- **INSTRUCTIONS TO FOLLOW**
Retype the data exactly, skipping any picture in it.

- **DATASET SECTION**
━━━━━━━━━━
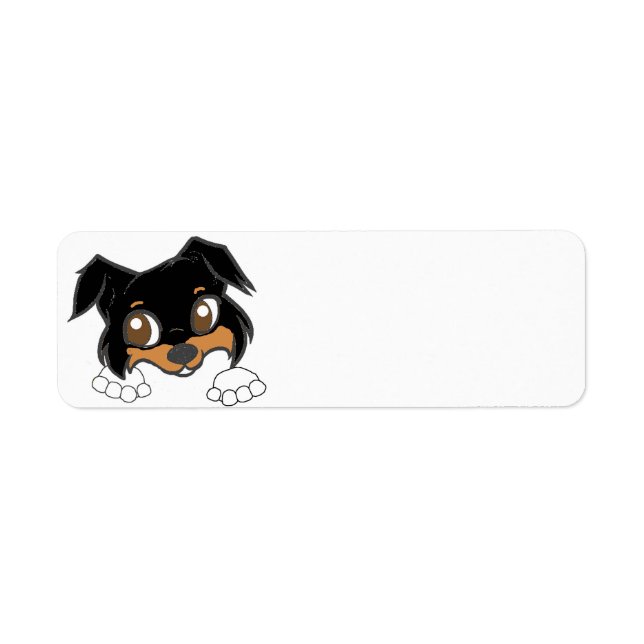 Shetland Sheepdog Black Tri Peeking Cartoon (Vorne)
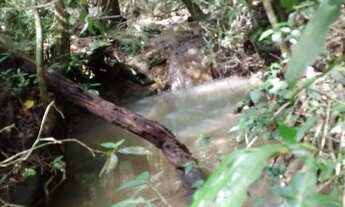 Imagem 7: Chácara 3 alqueires em Vianópolis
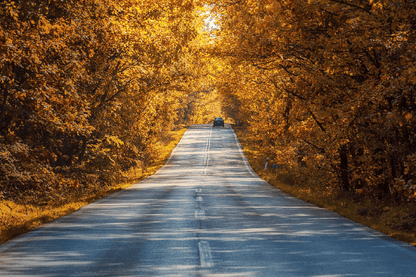 Road Covered Autumn Trees Photograph Print 100% Australian Made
━━━━━━━━━━
- **SOLUTION FOR THIS PROBLEM**
 Shetland Sheepdog Black Tri Peeking Cartoon (Vorne)
 Imagem 7: Chácara 3 alqueires em Vianópolis
 Road Covered Autumn Trees Photograph Print 100% Australian Made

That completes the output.